Wie Chinas späterer Niedergang als Wirtschaftsmacht mit einem Vulkanausbruch zusammenhängt, zeigt Wolfgang Behringer in "Tambora und das Jahr ohne Sommer" (C. H. Beck, 398 S., 24,95 Euro). Der Berg Tambora auf der indonesischen Insel Sumbawa explodierte im April 1815 und büßte dabei ein Drittel seiner Höhe ein. Mehr als 10 000 Insulaner starben. Das Ergebnis des größten Vulkan­ausbruchs der letzten 5 000 Jahre: Asche, Schwefel und Gas verdunkelten die Sonne und die globale Temperatur sank um drei Grad.
Der Historiker schildert die Auswirkungen, die sich sogar auf der anderen Seite der Erde zeigten. In Westeuropa und Nordamerika kam es im Sommer 1816 zu starken Schneefällen. Die Folge waren Seuchen, Hungersnöte, Überschwemmungen, die ihrerseits politische und soziale Krisen nach sich zogen. Behringers Fallstudie beleuchtet, wie unterschiedlich die Gesellschaften in den folgenden fünf Jahren mit dem plötzlichen Klimawandel umgingen. Die Katastrophe verhalf dem Westen und Russland zum Aufstieg, Teilen Asiens entzog sie die Macht. Ein einziger Vulkanausbruch hat die Welt neu geordnet.

Worin das "Jahr ohne Sommer" seine Ursache hatte, ahnten die Zeitgenossen nicht. Das andere Ende der Welt blieb den Allermeisten verschlossen. Wie die Sehnsucht nach der Ferne Menschen seit jeher ins Unbekannte aufbrechen ließ, zeigt Rainer Wieland. In "Das Buch des Reisens. Von den Seefahrern der Antike zu den Abenteurern unserer Zeit" (Ullstein, 496 S., 48 Euro) versammelt er 69 Reiseberichte seit dem fünften Jahrhundert vor Christus. Der Karthager Hanno erkundet Westafrika, Ibn Battuta besteigt den Adam’s Peak auf Ceylon, Alexander von Humboldt schwitzt in den Tropenwäldern Südamerikas. Amelia Earhart fliegt allein über den Atlantik, Neil Armstrong betritt den Mond. Wie und warum reisen Menschen? Und was erfahren sie dabei? Vom Eroberungszug über die Wallfahrt bis zu heutigen Vergnügungsreisen breitet Wieland ein Panorama der Reiselust aus, in der auch immer ein Quäntchen Qual steckt.
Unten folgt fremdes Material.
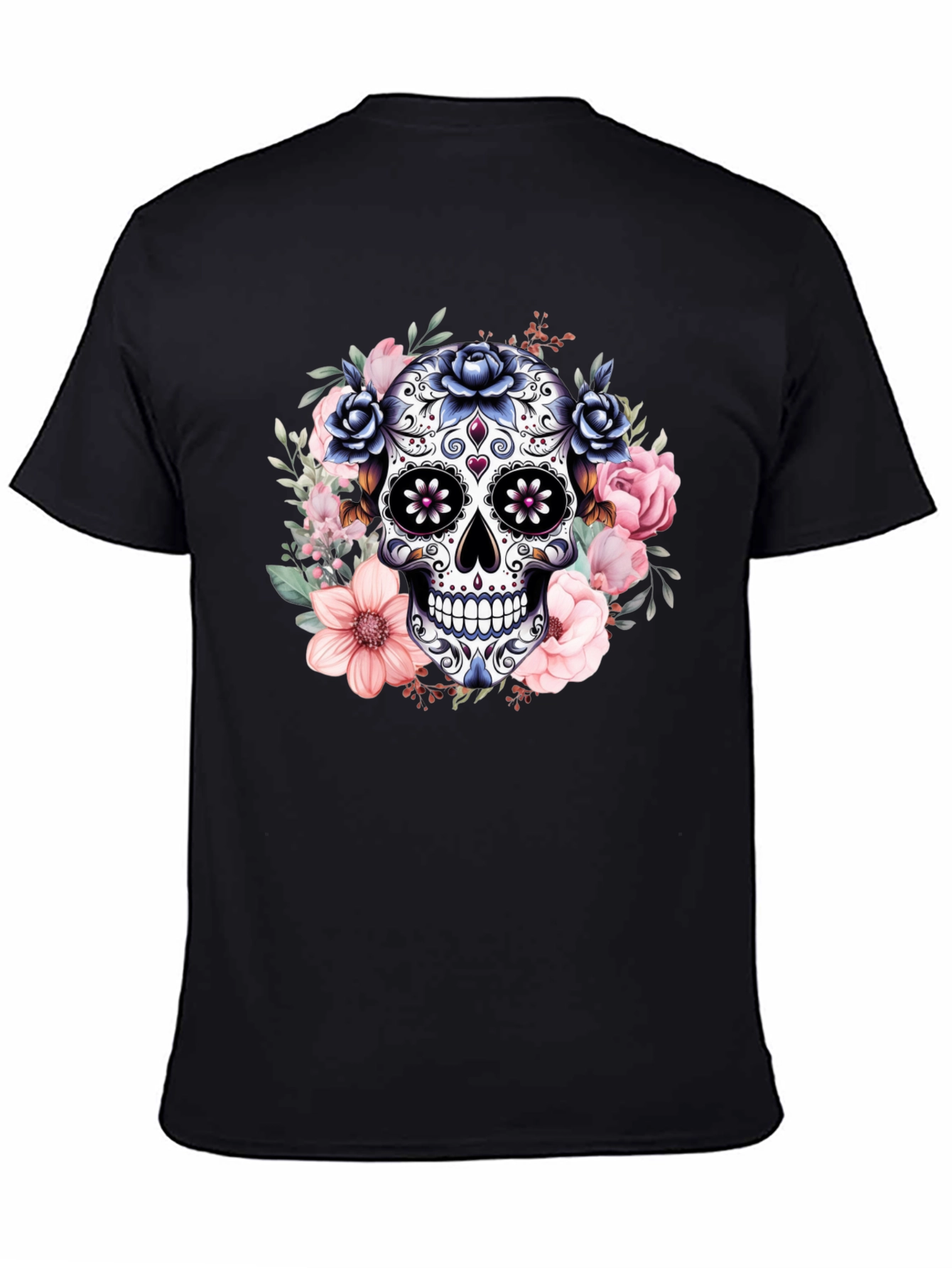 Camiseta Calavera de Azúcar con Flores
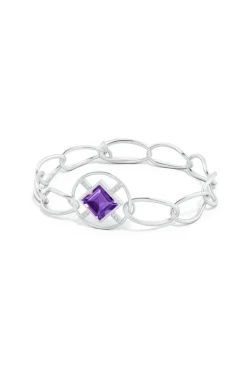 Infinity Concentric Circle 14K Gold and Amethyst Bracelet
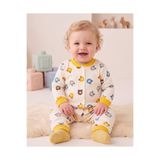 Ege Bebek Erkek Bebek Ayıcık Baskılı %100 Pamuklu 1-2-3 Yaş Çıtçıtlı Alt Üst Mevsimlik Pijama Takımı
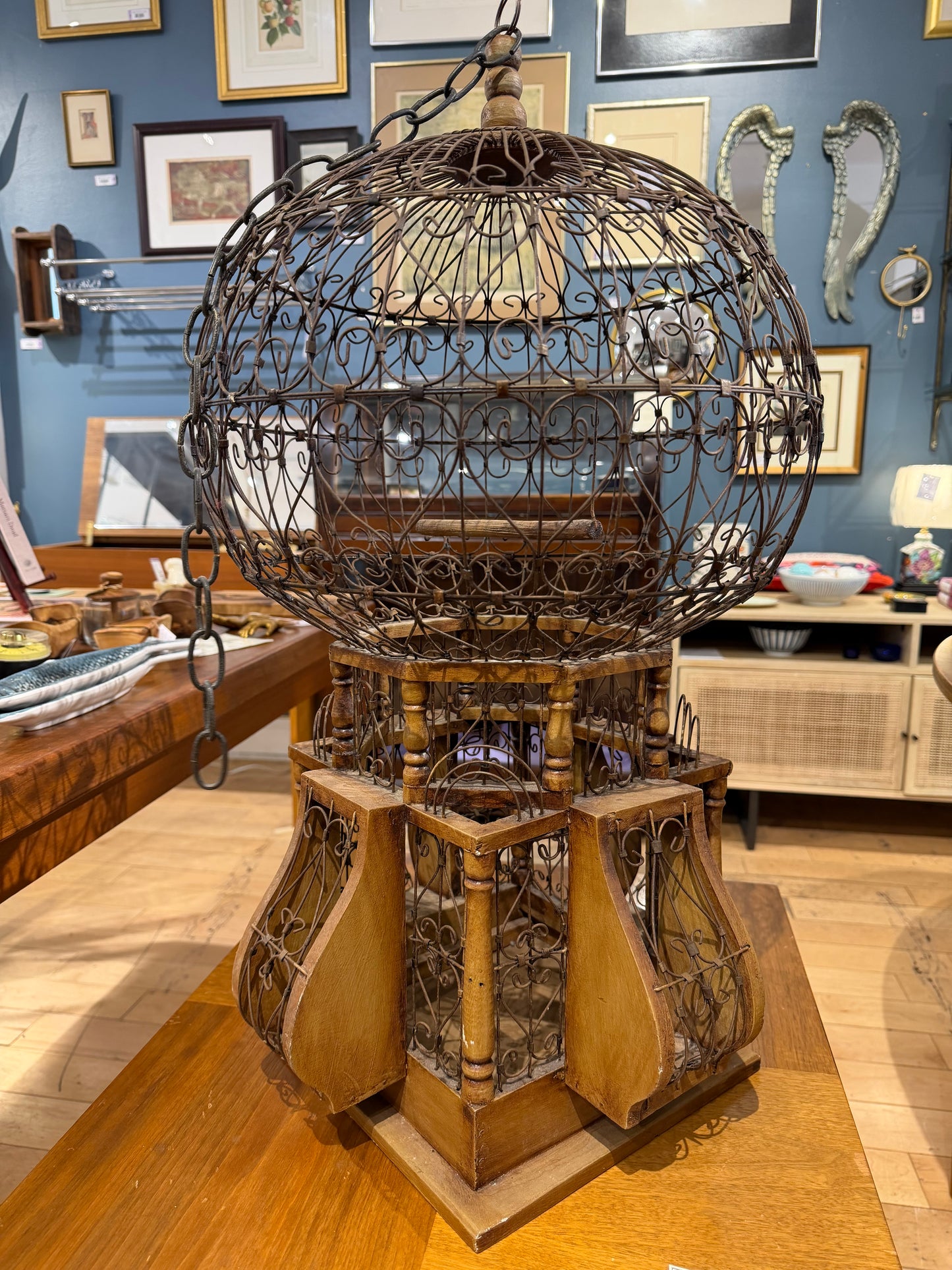 Victorian Air Balloon Shaped Metal and Wood Bird Cage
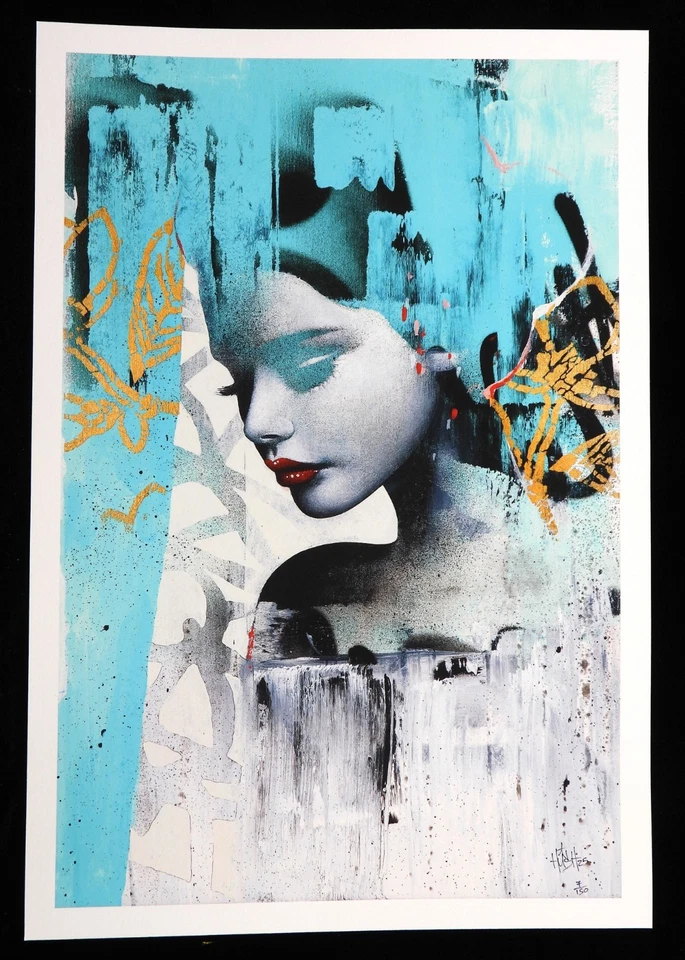 HUSH Rough Cuts 1 signed print + sticker banksy,pichiavo,shepard fairey - Image 1 of 4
Für seinen "Atlas der unentdeckten Länder" (Rowohlt Berlin, 288 S., 19,95 Euro) ist Dennis Gastmann zu den Ausläufern unserer durchorganisierten Welt gereist. Der Journalist sucht Orte auf, die kaum bekannt sind: Wie sieht es in der Mikro­nation Akhzivland aus, südlich der Blauen Linie zwischen Libanon und Israel? Wie leben die Bewohner von Karakalpakstan, einer autonomen Republik in Usbekistan? Auf einer einsamen Vulkaninsel im Südpazifik lernt Gastmann die Nachfahren der Bounty-Meuterer kennen, die ihn zum Bleiben bewegen wollen. In Schweden besucht er die republikanische Monarchie Ladonien, die eine eigene Währung und zwei Nationalhymnen besitzt. Ihre Amtssprache: Latein. Ungewöhnlich? Durchaus. Doch "unentdeckt" sind diese Orte nicht.

Einem ähnlichen Thema widmet sich der britische Geograf Nick Middleton in "Atlas der Länder, die es nicht gibt" (Quadriga, 240 S., 32 Euro). Meisterhaft illustriert, mit einzeln gestanzten Karten, stellt das Buch 50 weitgehend unbeachtete Staaten vor. Sie besitzen zwar viele Eigenschaften eines echten Landes, jedoch keine Vertretung in der UN-Generalversammlung. Minerva, Pontinha und Forvik gehören dazu, Somaliland, Grönland, das Fürstentum Hutt River und ­Lakotah. Die Auswahl war kompliziert, wie Middleton zugibt. Sie lenkt den Blick auf die scheinbar klare und doch schwierige Frage, was ein Land, einen Staat, eine Nation ausmacht.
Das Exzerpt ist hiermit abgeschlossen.